Young lodge pole pines are not an unusual choice for household trees, writes Damien Enright
We always brought the two-metre-tall lodge pole pine that grows in a half-barrel in the yard indoors at Christmas. We’d stand it in the front hall, dress it with lights and put the presents underneath. Lodge pole pines can grow to 40 metres but they’re slow growers and the barrel also constrained its growth.
It took the indoor experience in its stride, as long as we kept it watered and sprayed. However, last summer, a haulier trucking some gravel into our yard, ran into it, so it’s currently as cracked as myself, but is recovering.
This year we’ll be visiting some of our kids in their own homes in Hertfordshire, and they’ll be providing the tree, and doing the dressing. Our lodge pole can enjoy Christmas outdoors for a change.
Young lodge pole pines are not an unusual choice for household trees, while half-grown specimens sometimes stand in majesty in city squares, all lit up, with traffic flowing around them. We used our lodge pole because it was there, left behind, as it happens, by a lodger, who previously occupied an annex.
The Linnaean name is Pinus contorta because it’s sometimes contorted, but in dense stands it grows slender and straight as a die.
This, and its light weight, led American Plains Indians to employ the trunks to support the buffalo hides that roofed their tepees (a.k.a. lodges) and also as frames for their travois, made of two poles dragged by a dog or horse with a load-bearing net slung in-between.
The tribes, following the buffalo herds across the prairies, gave up using dogs to pull the travois sleds when horses arrived in their culture. With horses, they set the poles to double purpose. When the heads of two or more were crossed and tied together on the horses’ backs, the legs became the struts of the A-frame travois carrying the tribe’s belongings, and then, untied and erected, supported the tepee roofs at night. Children often rode on the backs of the horses. These nomads were practical people but, strangely, they had no knowledge of the wheel. What can explain this cultural blind spot? Surely they noticed that logs rolled down slopes, that spherical fruits rolled, that snakes rolled?
[I refer to rolling snakes because once, in California, I saw a snake making a rapid escape from a stoat by taking its tail in its mouth, making a hoop of itself and rolling down a road verge, before ‘collapsing’ into a proper snake at the bottom and slithering away. My wife and I were hitching lifts on the road side between Stinson Beach and the Golden Gate Bridge on our way to San Francisco from Bolinas, a hippie town in Marin County, where friends had lent us a converted wooden water tower, trucked in from Arizona. I’m certain this hoop snake was not an illusion.]

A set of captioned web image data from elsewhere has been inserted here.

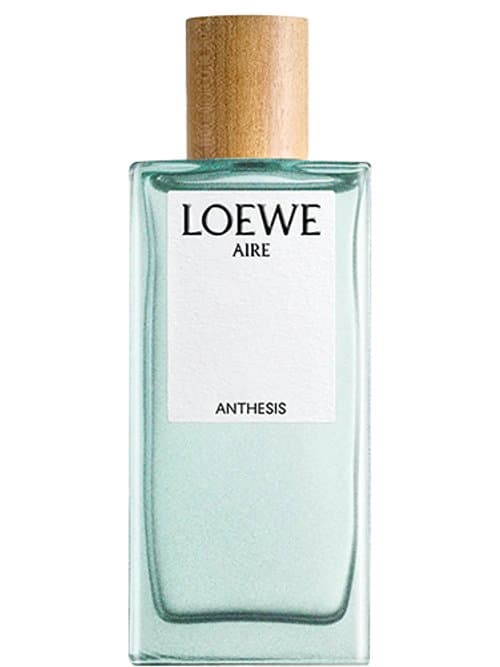 Loewe Aire Anthesis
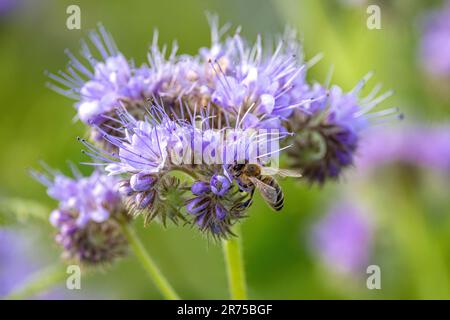 Bienennahrung, Knorpionskraut (Phacelia tanacetifolia), Blume mit Honigbiene, Deutschland, Bayern Stockfoto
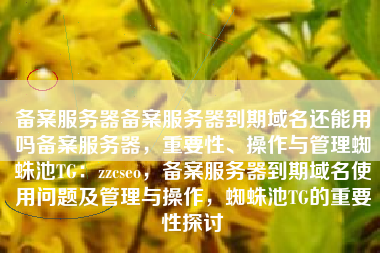 备案服务器备案服务器到期域名还能用吗备案服务器，重要性、操作与管理蜘蛛池TG：zzcseo，备案服务器到期域名使用问题及管理与操作，蜘蛛池TG的重要性探讨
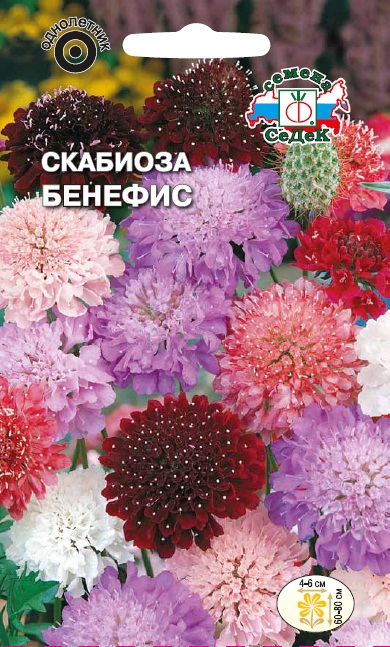 Семена цветов - Скабиоза Бенефис  0,3 гр.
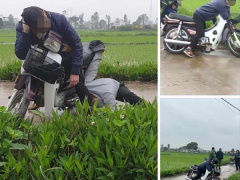 Ảnh bìa bài viết 923778
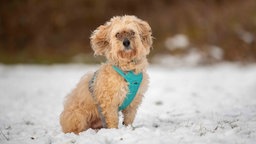 Ein Hund mit beigefarbenem wuscheligem Fell auf einer mit Schnee bedeckten Wiese 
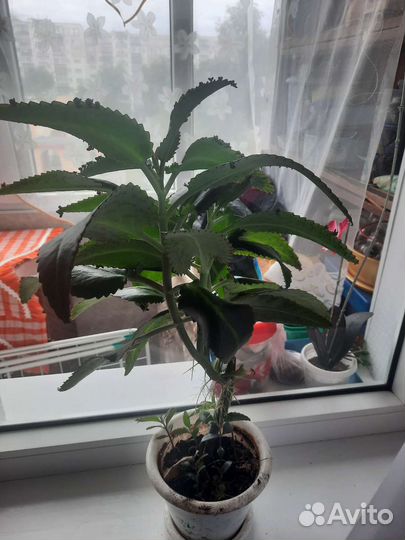 Каланхоэ лечебное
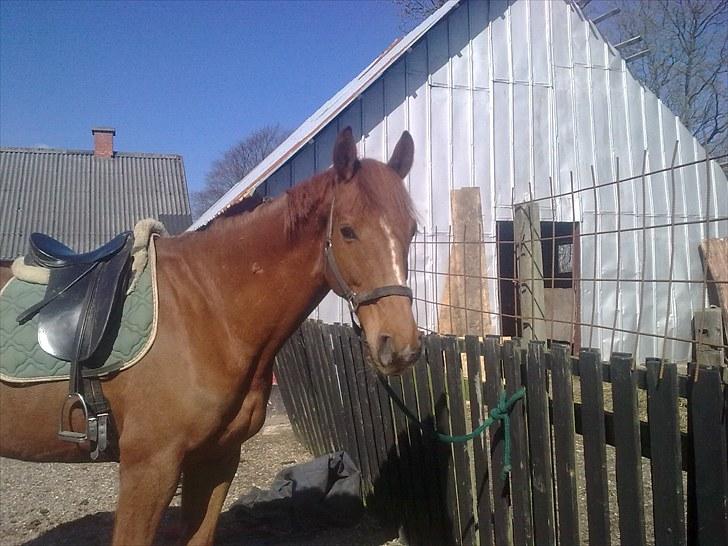 Hollandsk Varmblod Unique R.I.P billede 9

In Ireland, lodge pole pines are amongst the many Christmas tree species available from some 75 producers — check the internet. Different species suit different requirements — Nordmann Fir for the classic shape and long-lasting needles, Balsam fir, for the aroma, Douglas fir, ditto, Scotch pine because its branches curve upward, good for hanging things on. There are many more for sale — while the common Norway and Sitka spruce that clothe patches of mountain remain the favourites with DIY tree fellers. However, they’re prickly and work gloves are useful when taking them on. They smell Christmassy.
After triangular shape, good needle retention is the most sought after property in Christmas trees. Buy an Irish, rather than an imported, tree because it will be fresher. Check that no needles are brown or falling. When you get it home, cut an inch off the stem with a hand saw (not a high speed electric saw), locate it away from radiators and heat sources, stand it in a bucket, fill the bucket with rocks around the trunk and pour in water; it may drink a gallon on the first day. Every day, top up the water and spray the needles. In January, cut the whole tree up and recycle it as garden waste if possible.
Now, in the cause of keeping readers informed of phenomena in our local seas, I must turn to an entirely different theme and share the news that a shoal of blue fin tuna, normally indigents of the deep oceans, were videoed west of the Old Head of Kinsale in Courtmacsherry Bay by angling boat owner Mark Gannon on his mobile phone. Blue fin tuna feeding close inshore? What’s happening at sea? I’ll try to find out.
A happy Christmas to all my readers! More on blue fin tuna in the New Year.